Classic Retro sample stuff, with the TR-909 acid synths, Roland keyboards like the D-50 for pads and chords, and then 808 emulation synths. The last one would be the Roland Juno 60. Recently, I had to turn my studio into a dog room (laughs) and had to break it down, but I’ve been building out the studio for five or six years now. 

What's your favorite hobby outside of music?

On a personal level: self-practice, self-cultivation, breathing exercises, meditation, yoga… I definitely love those things. In the morning, these practices put me into a non-judgemental place that I’m able to think back to throughout the day. On the other hand, I love work and creating, so I guess, with Swayló, it’s the music, but it’s also creating all of the art and branding. I love that aspect of [the project]. It helps me a lot to be creating this world symbiotically with the music, graphic arts and digital arts. I have worked with a few different people here and there who have been important in the process, but 80 percent of the design I’ve done myself. 
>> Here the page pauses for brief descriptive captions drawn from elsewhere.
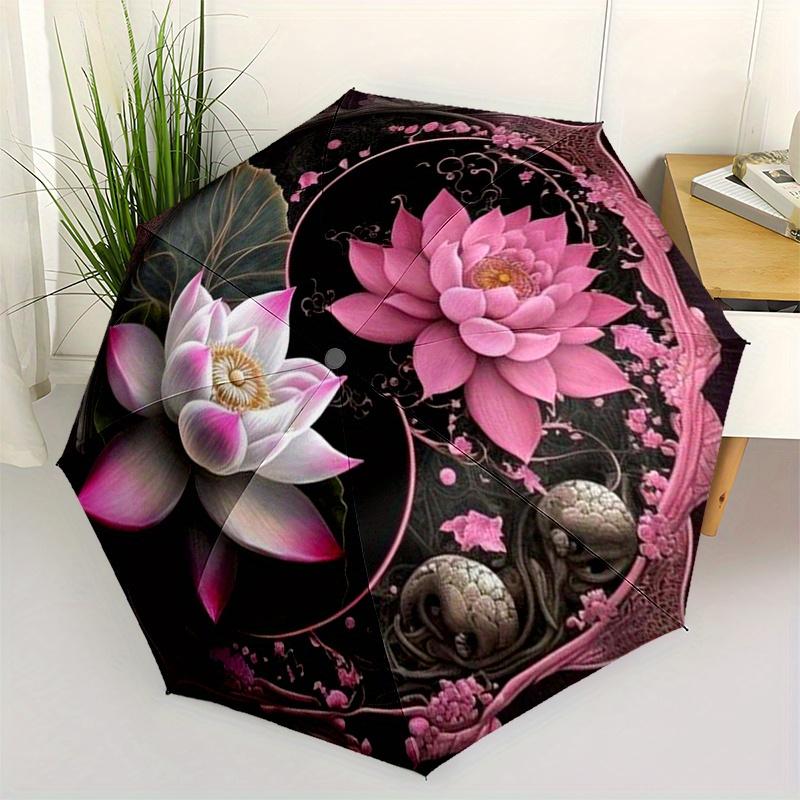 """Лотос Инь-Ян Настенное искусство""": Harmony in Bloom Decor"Зонт, Компактный складной зонт-трость 3 сложения для мужчин и женщин ES40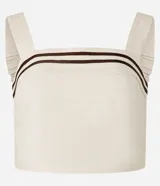 Blusa cropped de viscosa y lino color crudo, con breteles anchos, escote cuadrado y detalle de rayas horizontales en el busto.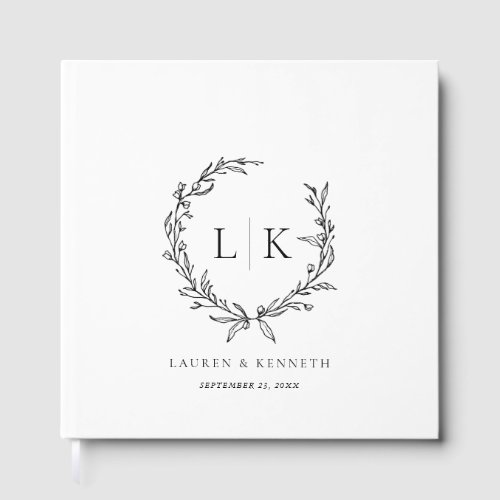Monogram Wreath Black White Wedding Guest Book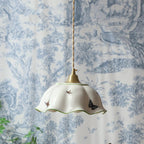 Traditional French Pastoral Ceramic Corrugated Edge Brass 1-Light Pendant Light For Living Room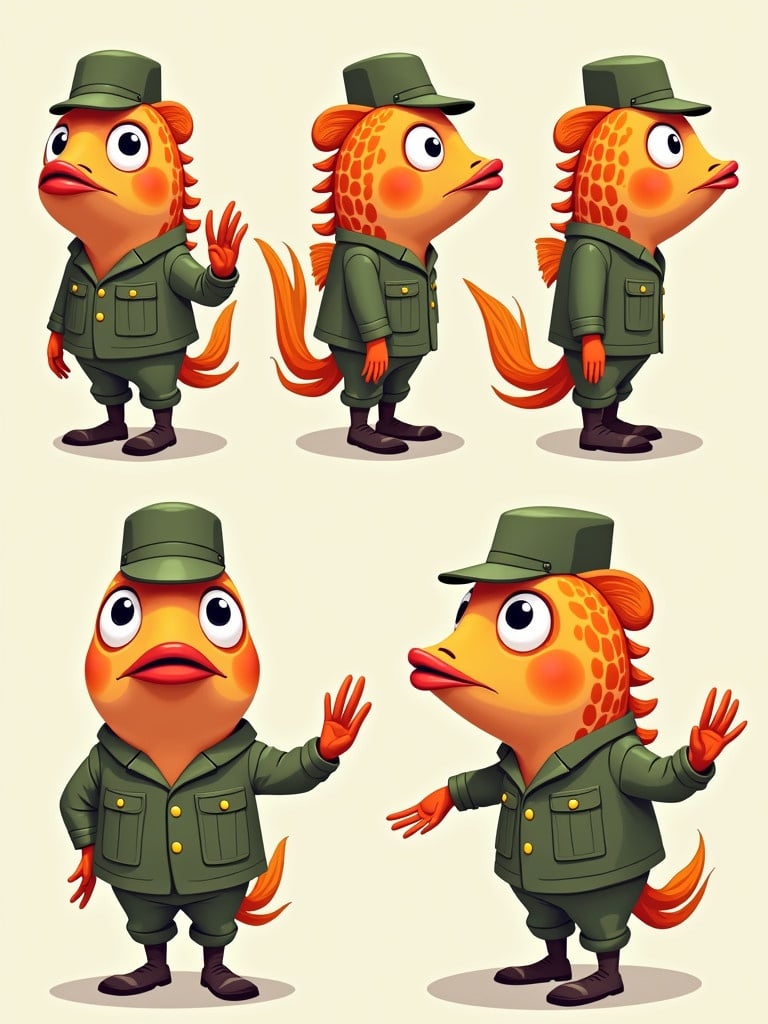 Different angles of a cartoon army fish in uniform. The fish is looking dopey. It has a playful and colorful design. The character wears a military outfit with a hat. The fish stands in various poses. The background is light and simple.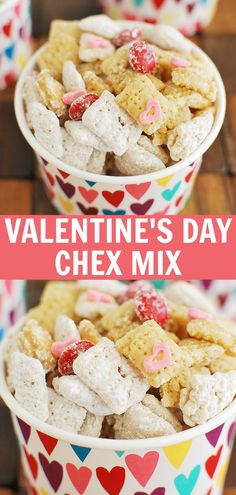 valentine's day chex mix in two cups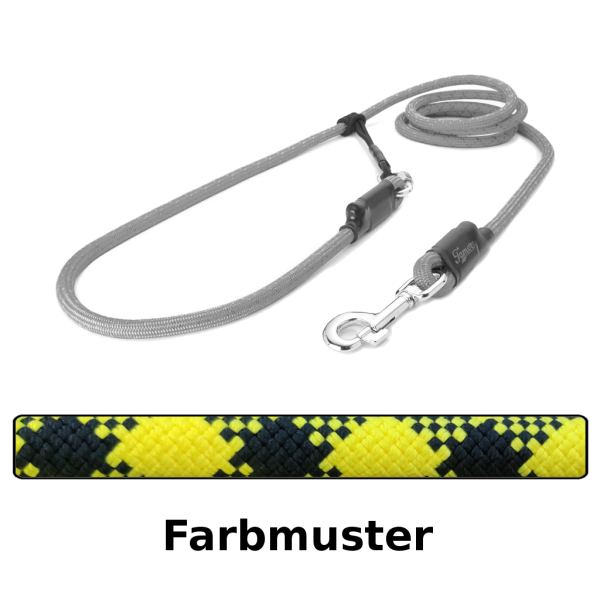 easy-long Hundeleine Ø11mm - 3,5m - gelb und schwarze Kreuze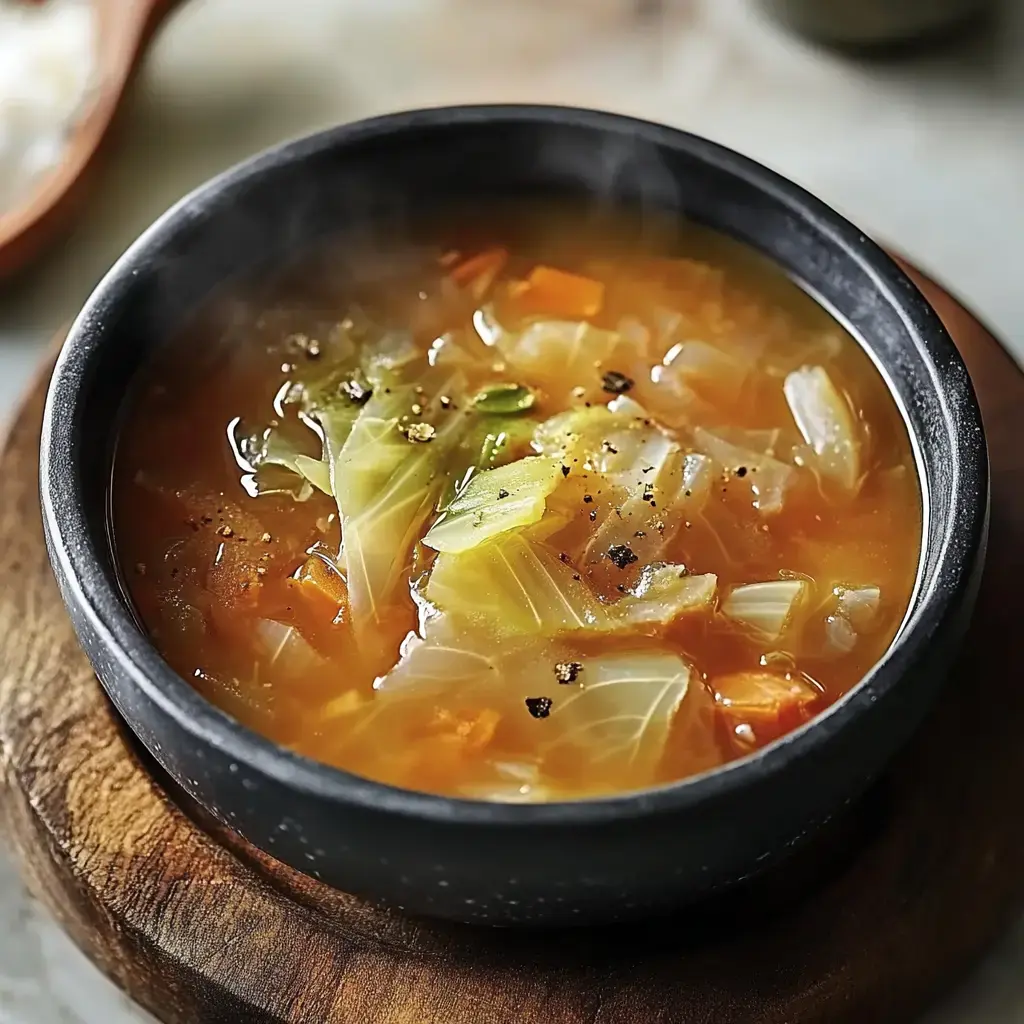Un tazón humeante de sopa de verduras con col y zanahorias, servido sobre madera.
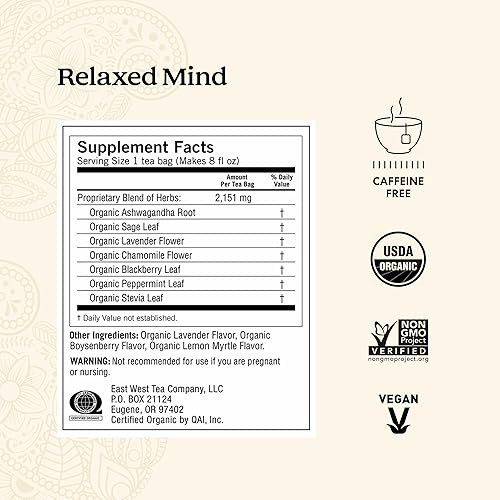 Miniatura 2 de Yogi Tea Relaxed Mind Tea – 16 bolsas por paquete (4 paquetes) – Té orgánico relajante y calmante para apoyo al estrés – Incluye raíz de
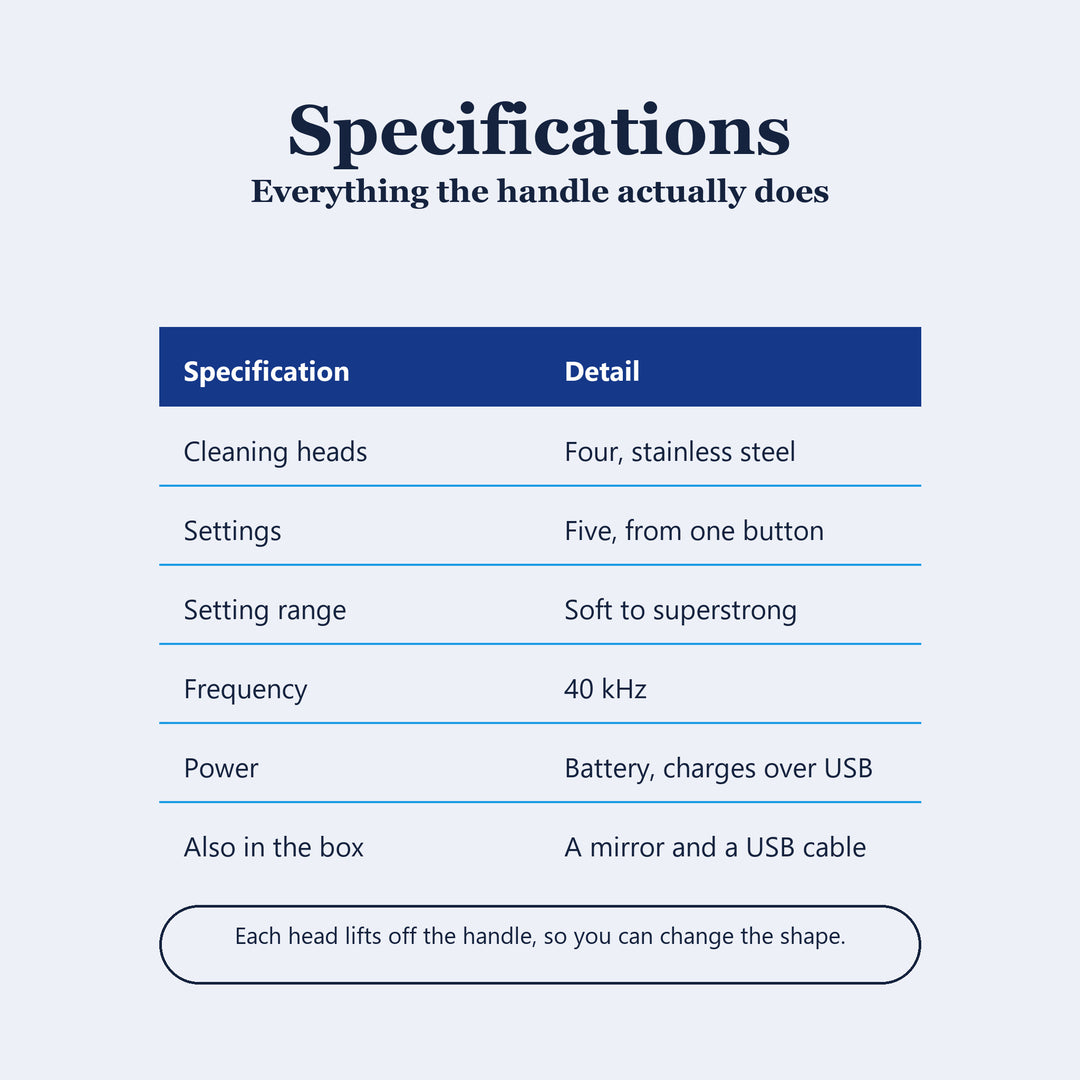 Specification table for the ultrasonic tooth cleaner, four steel heads, five settings, 40 kHz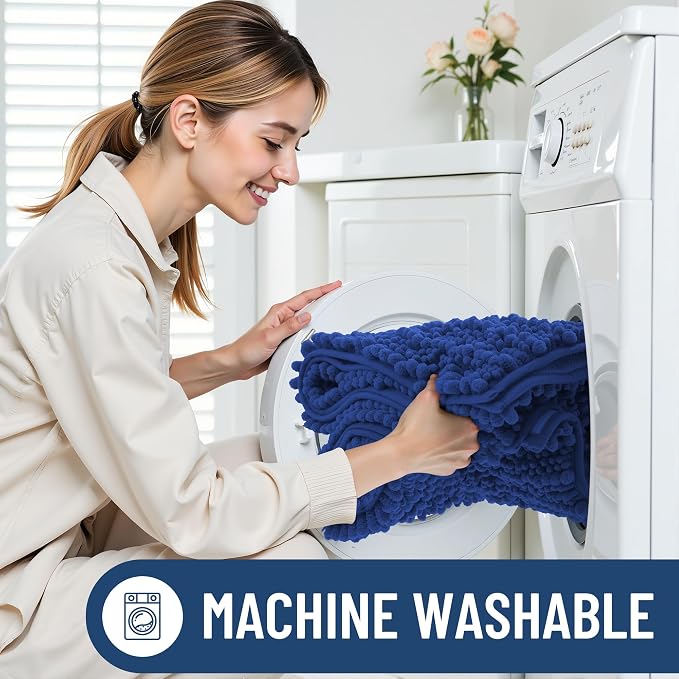 Smiry Bathroom Rugs Mat 36x24, Extra Soft Absorbent Chenille Bath Rugs, Non Slip Rubber Backing Machine Washable Quick Dry Bath Mats for Bathroom Floor, Tub, Shower, Home Decor Accessories, Royal Blue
Two other things would be fashion, and creating a fashion line within this project which we’re dropping in sync with this release. Pieces are made with Peruvian organic cotton. There are some super nice t-shirts and pillows, too. 

The final thing is creating events. The events experience is just so incredible. It’s an art to start with a blank canvas and apply the tactical details. It’s like making music -- channeling a broad abstract into something produced meticulously. In Austin, we were hosting meditation and music events frequently, and we had a lot of people coming. We did it again in NYC, Denver and L.A., and it brought the same types of people together in these cities. We’d sell 40 $40 tickets to the meditation and the party, and another 300 tickets for just the party. Those 40 who came for both were the Jedis of the party. Their vibes were so high!

What do you want people to feel when they listen to your music?

I want them to feel love, and, like I said earlier, a connection with themselves, others and their world, their universe, their environment - just to feel empowered. It’s unified healing.